29. The EUWA does not incorporate the Charter into UK law but rather converts the underlying rights and principles of EU law into UK law. As this Bill repeals, revokes or otherwise disapplies retained EU law in relation to free movement and immigration and also in relation to social security co-ordination, any EU rights and principles saved as part of UK law by that Act will not continue to apply to the content of this Bill. Consequently, this Memorandum does not provide a detailed analysis of whether this Bill is consistent with the Charter.

Home Office, December 2018

  1. Announced by the Prime Minister on 21 September 2018 

  2. The EU settlement scheme is already open on a ‘private beta’ basis to limited cohorts of persons; it will be fully open by EU exit day. 

  3. See, for example, paragraphs 8 and 9 of the Memorandum to the Committee relating to the bill that led to the Immigration Act 2014 and paragraphs 8 and 9 of the Memorandum to the Committee relating to the bill that led to the Immigration Act 2016. 

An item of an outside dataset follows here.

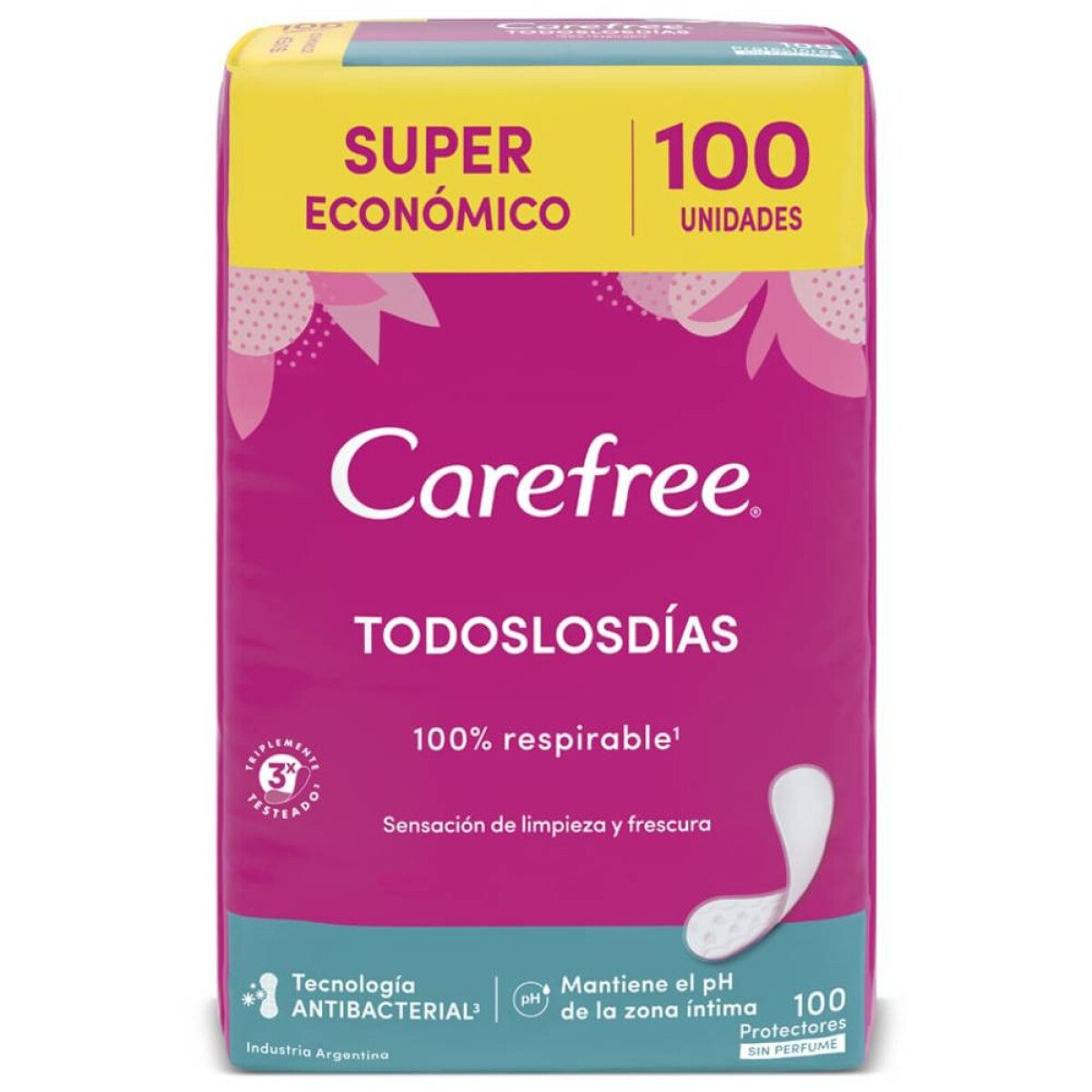 Protector Diario Proteccion S/P Nvo. Carefree 20 Un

  4. See, for example, paragraph 10 of the Memorandum to the Committee relating to the bill that led to the Immigration Act 2014 and paragraph 10 of the Memorandum to the Committee relating to the bill that led to the Immigration Act 2016. 

  5. See paragraph 10 of the Memorandum to the Committee relating to the bill that led to the Immigration Act 2014, the response of the Committee to that Memorandum in its Eighth report of 2013-14 (HL Paper 102 HC935), and paragraphs 11 to 13 of the Memorandum to the Committee relating to the bill that led to the Immigration Act 2016. 

  6. In the circumstances in which another Convention right, most likely Article 8, is also in play. 

  7. In practice a claim of breach of article 14 in these circumstances would be most likely to arise in the context in which article 8 is engaged.